**Problem to work on**
In the listing below, look for "from" and copy every line that has it.

**Provided records**

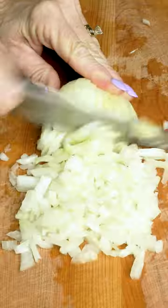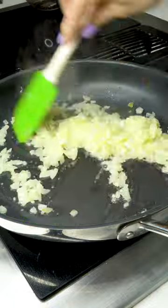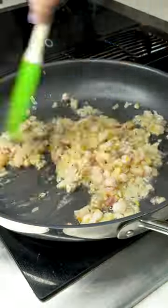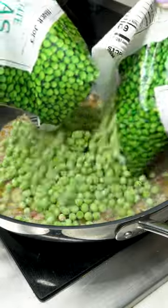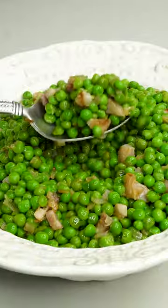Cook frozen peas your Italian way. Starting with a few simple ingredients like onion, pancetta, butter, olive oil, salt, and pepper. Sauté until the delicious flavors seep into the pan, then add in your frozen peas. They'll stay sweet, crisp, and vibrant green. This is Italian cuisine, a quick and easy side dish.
...
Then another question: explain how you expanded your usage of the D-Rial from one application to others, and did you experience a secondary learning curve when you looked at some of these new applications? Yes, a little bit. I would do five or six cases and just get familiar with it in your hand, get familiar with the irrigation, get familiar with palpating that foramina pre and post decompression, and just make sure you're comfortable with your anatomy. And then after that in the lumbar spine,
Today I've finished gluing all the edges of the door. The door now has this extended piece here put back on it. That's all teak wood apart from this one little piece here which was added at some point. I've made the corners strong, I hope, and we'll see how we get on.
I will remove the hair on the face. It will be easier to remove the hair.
--
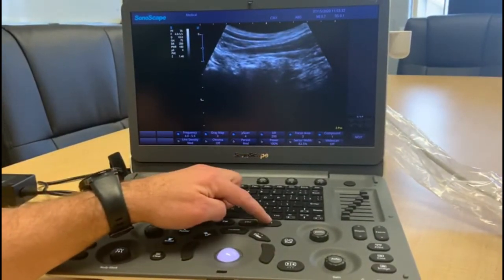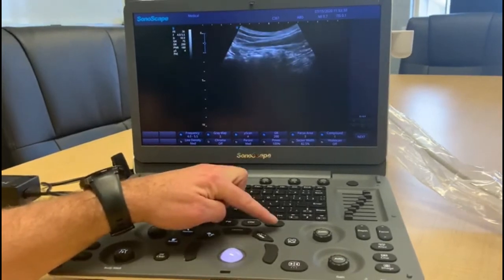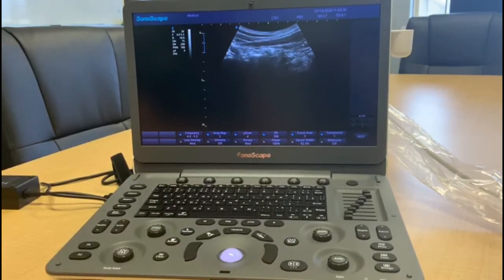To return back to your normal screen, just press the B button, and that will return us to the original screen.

**Task output**
Then another question: explain how you expanded your usage of the D-Rial from one application to others, and did you experience a secondary learning curve when you looked at some of these new applications? Yes, a little bit. I would do five or six cases and just get familiar with it in your hand, get familiar with the irrigation, get familiar with palpating that foramina pre and post decompression, and just make sure you're comfortable with your anatomy. And then after that in the lumbar spine,
Today I've finished gluing all the edges of the door. The door now has this extended piece here put back on it. That's all teak wood apart from this one little piece here which was added at some point. I've made the corners strong, I hope, and we'll see how we get on.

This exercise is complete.